By midweek, the streets and social feeds had quieted, and the censorship machine was in high gear when potentially destabilizing news broke: Former President Jiang Zemin had died. He oversaw a time of economic growth and relative openness in the 1990s and early 2000s. Chinese netizens filled WeChat with tributes to the late leader, in an oblique criticism of the current leadership that continued the week’s protests in a subtler form.

Heavy police presence seems to have held off further in-person protests, but activists Wired spoke to say they will regroup. Local governments have begun easing COVID restrictions, and the central government launched a campaign to vaccinate more elderly people, but the more lasting lessons of the week may be how powerfully social media can help people to spread calls for reform beyond China’s borders and bring divided groups of activists together. Within days, a demonstration commemorating members of a marginalized minority spread across China and inspired defiance from wide swathes of society. Their slogans, songs, and gestures were echoed on university campuses and city streets from Tokyo to London.

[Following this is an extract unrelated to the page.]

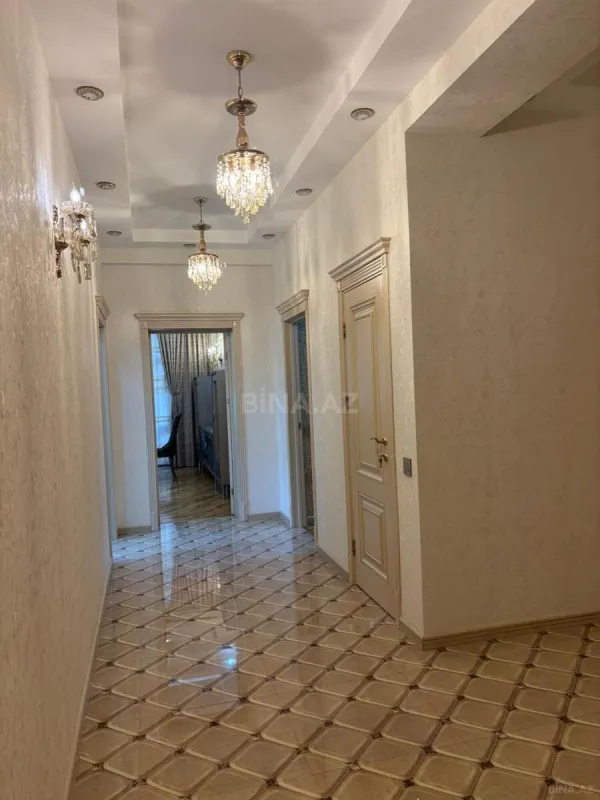 Kirayə verilir 3 otaqlı mənzil 130 m²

At a vigil in New York this week for the victims of the Urumqi fire, Wired saw people of all ages, speaking mostly Mandarin and English. Some held blank sheets of paper. There were supporters of Taiwan independence, Uyghur rights, and the Hong Kong democracy movement. One person set up a projector and a laptop across the street from the Chinese consulate, projecting “Urumqi” in English and Chinese in white light on the side of the drab gray building. “We’re counting on these people,” the person in Guangzhou told Wired after viewing photos from New York. The in-person protests may have dried up, but the seeds of a new movement have been planted, he says, and Chinese people have shown that even hamstrung digital tools provide them surprising power.